In the entries that follow, find the line containing "Excel contains another" and the line containing "Don't forget to create", then copy exactly everything from the first through the second except the pictures.

LISTED ENTRIES:
+ + +

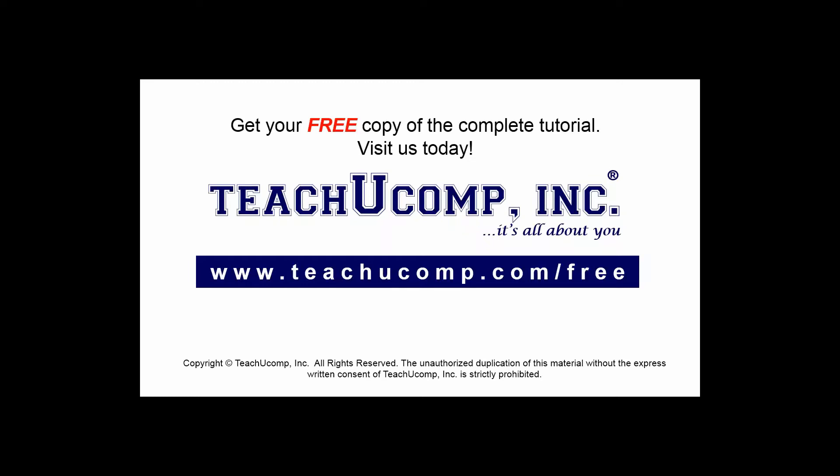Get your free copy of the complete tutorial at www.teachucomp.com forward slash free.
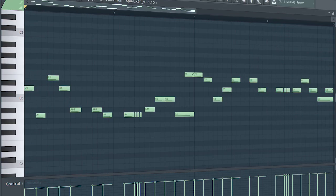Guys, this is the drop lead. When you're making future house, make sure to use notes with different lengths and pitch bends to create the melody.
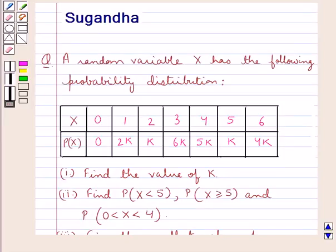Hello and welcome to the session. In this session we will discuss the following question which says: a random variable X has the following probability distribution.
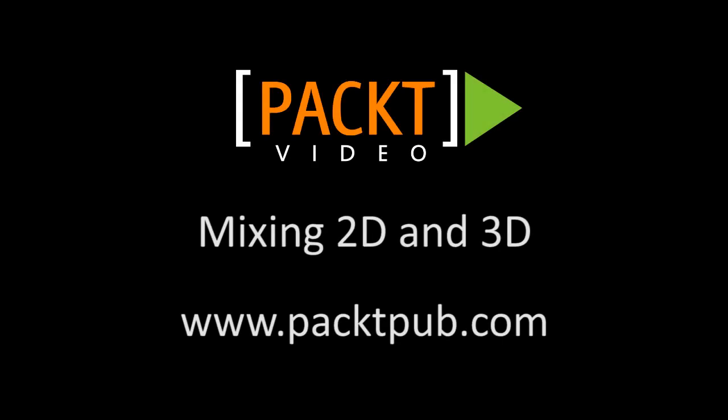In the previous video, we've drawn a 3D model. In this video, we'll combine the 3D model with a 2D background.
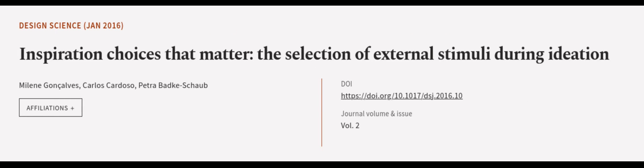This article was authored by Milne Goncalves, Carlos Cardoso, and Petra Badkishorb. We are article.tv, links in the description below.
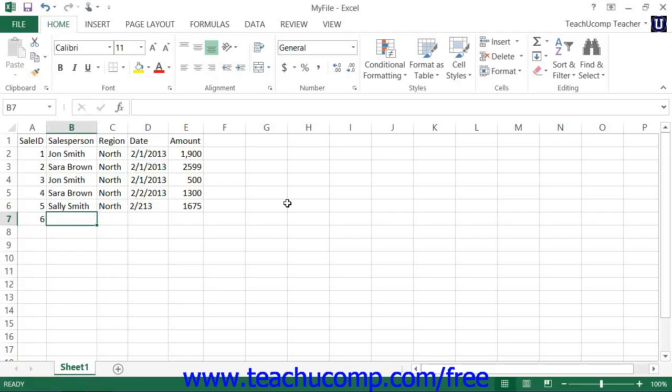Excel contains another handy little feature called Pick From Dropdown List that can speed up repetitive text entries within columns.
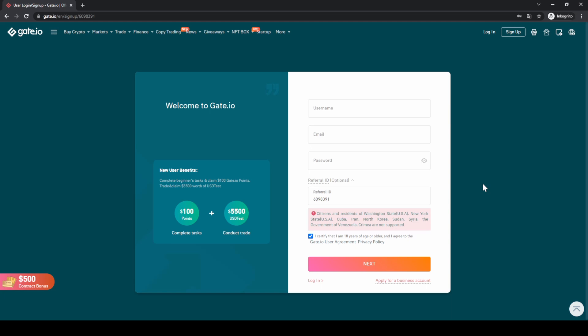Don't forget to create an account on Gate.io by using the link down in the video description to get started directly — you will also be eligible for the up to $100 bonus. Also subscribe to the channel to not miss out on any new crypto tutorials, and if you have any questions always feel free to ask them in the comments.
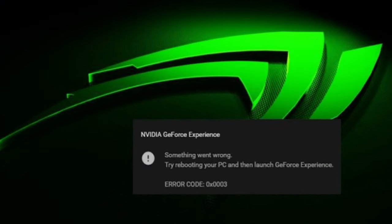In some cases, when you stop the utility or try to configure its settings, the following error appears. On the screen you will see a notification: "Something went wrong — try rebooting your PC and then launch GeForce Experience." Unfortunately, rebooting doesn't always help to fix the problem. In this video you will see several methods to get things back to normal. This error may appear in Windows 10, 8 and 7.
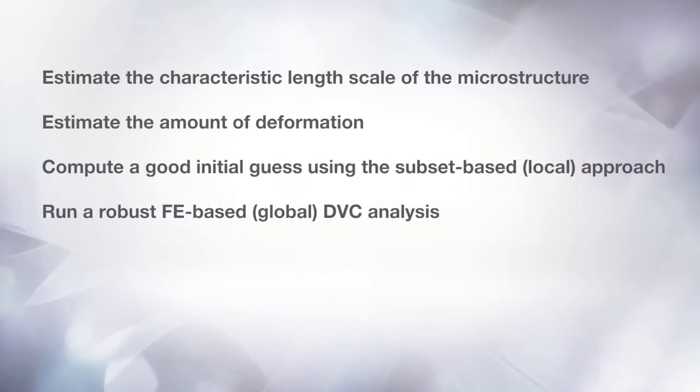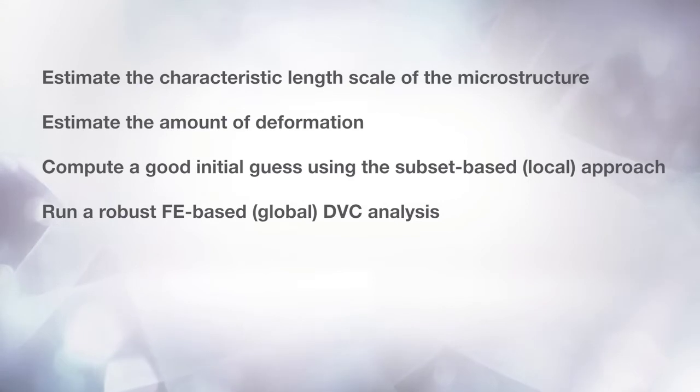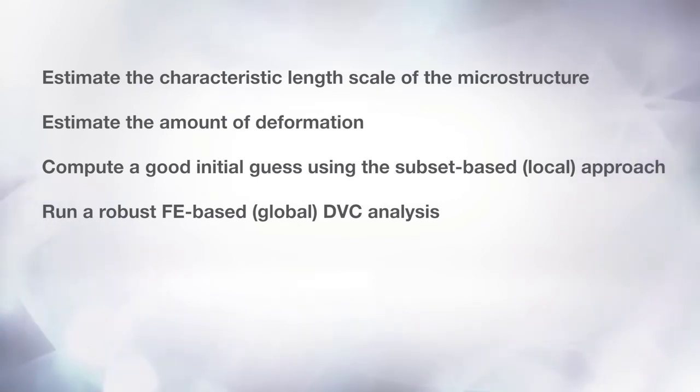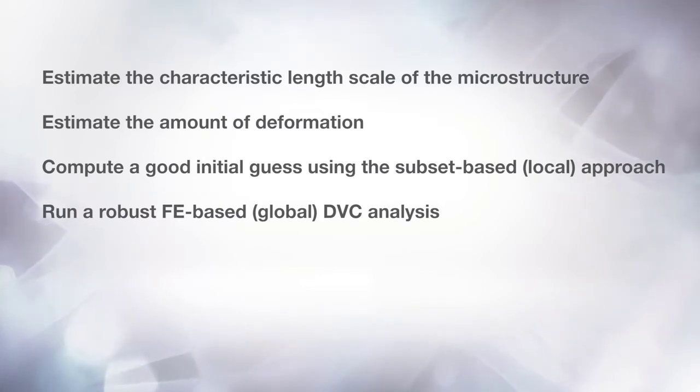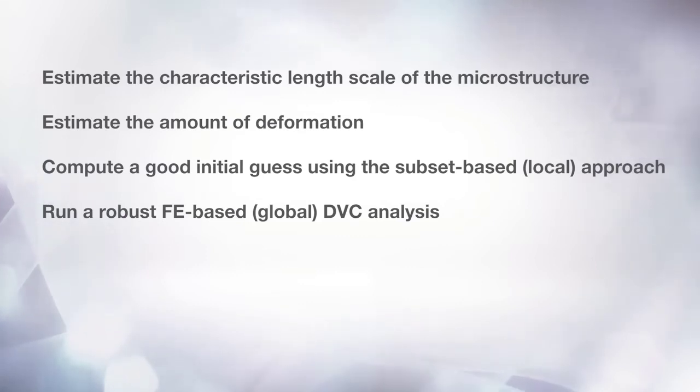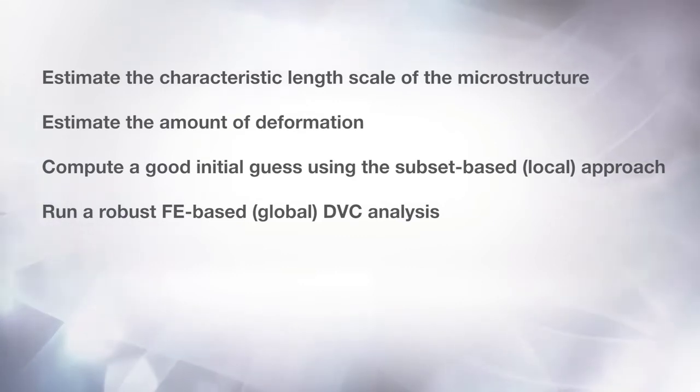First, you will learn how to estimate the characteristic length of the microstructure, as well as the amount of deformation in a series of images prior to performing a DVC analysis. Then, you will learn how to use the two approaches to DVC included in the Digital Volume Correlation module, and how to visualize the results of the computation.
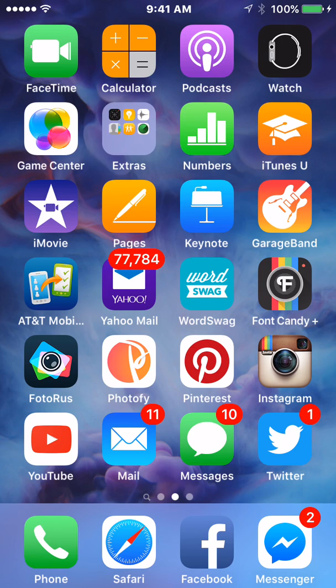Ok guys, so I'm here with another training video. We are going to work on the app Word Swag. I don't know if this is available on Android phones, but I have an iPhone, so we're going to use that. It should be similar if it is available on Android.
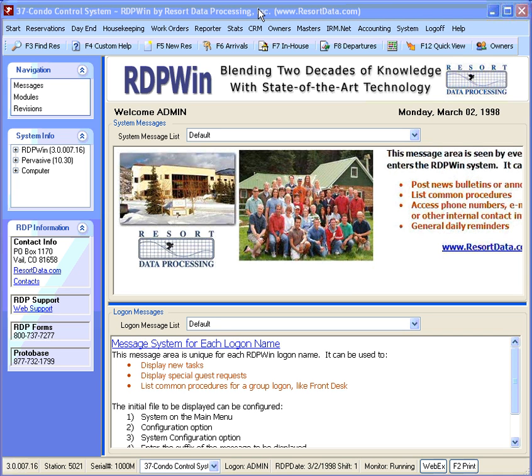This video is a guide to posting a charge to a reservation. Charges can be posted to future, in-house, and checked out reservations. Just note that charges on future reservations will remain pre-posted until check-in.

+ + +

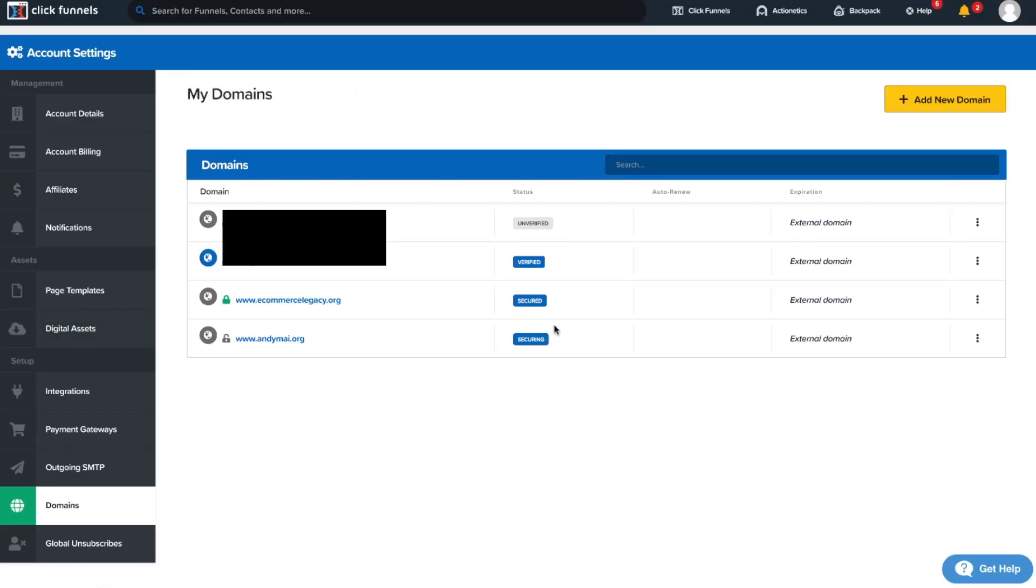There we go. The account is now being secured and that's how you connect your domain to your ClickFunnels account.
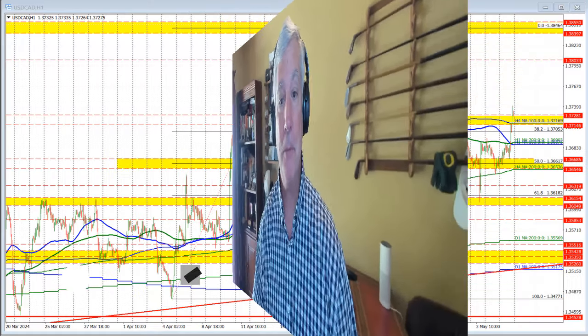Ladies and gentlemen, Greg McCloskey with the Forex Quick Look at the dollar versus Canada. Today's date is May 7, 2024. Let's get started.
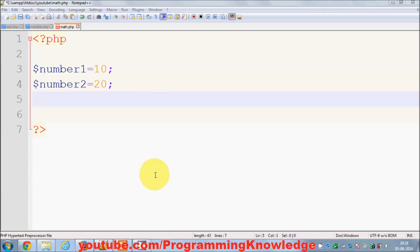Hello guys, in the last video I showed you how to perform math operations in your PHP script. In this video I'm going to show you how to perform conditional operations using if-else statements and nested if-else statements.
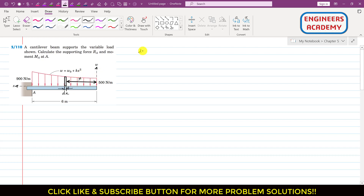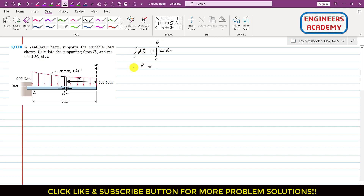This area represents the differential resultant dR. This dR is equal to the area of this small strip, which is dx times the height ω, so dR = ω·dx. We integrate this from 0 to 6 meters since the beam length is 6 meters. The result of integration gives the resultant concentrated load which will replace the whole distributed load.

+ + +

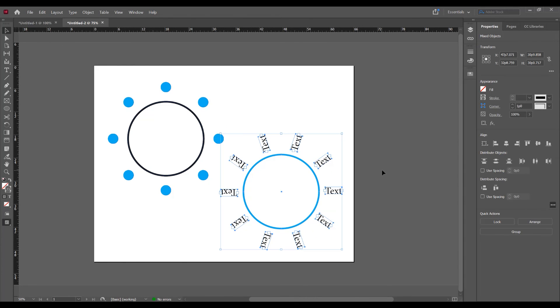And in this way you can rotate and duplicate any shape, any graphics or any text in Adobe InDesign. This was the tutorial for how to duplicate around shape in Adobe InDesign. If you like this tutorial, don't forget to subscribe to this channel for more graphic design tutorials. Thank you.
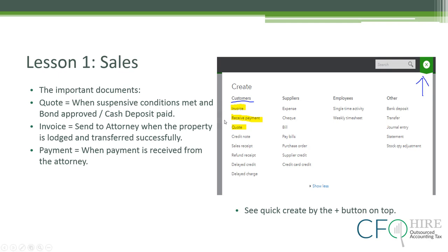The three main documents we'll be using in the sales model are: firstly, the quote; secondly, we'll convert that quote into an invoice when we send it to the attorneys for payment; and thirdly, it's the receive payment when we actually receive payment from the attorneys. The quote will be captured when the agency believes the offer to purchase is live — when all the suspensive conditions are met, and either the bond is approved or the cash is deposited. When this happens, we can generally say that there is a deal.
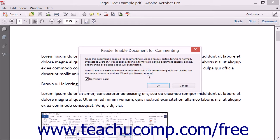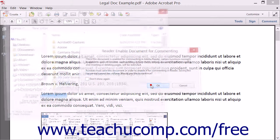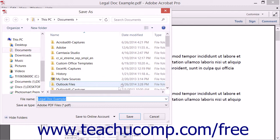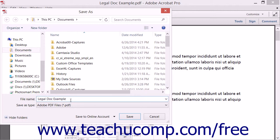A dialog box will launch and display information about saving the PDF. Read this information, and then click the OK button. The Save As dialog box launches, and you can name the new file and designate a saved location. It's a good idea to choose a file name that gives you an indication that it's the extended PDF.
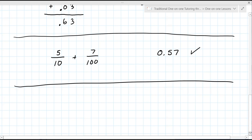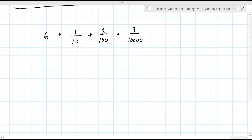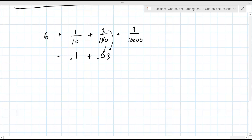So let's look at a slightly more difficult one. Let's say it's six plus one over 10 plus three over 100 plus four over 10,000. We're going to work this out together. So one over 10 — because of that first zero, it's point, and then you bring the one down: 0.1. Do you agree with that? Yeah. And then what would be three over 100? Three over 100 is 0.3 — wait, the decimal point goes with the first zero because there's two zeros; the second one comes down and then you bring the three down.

+ + +

TASK RESPONSE:
Excel contains another handy little feature called Pick From Dropdown List that can speed up repetitive text entries within columns.
Don't forget to create an account on Gate.io by using the link down in the video description to get started directly — you will also be eligible for the up to $100 bonus. Also subscribe to the channel to not miss out on any new crypto tutorials, and if you have any questions always feel free to ask them in the comments.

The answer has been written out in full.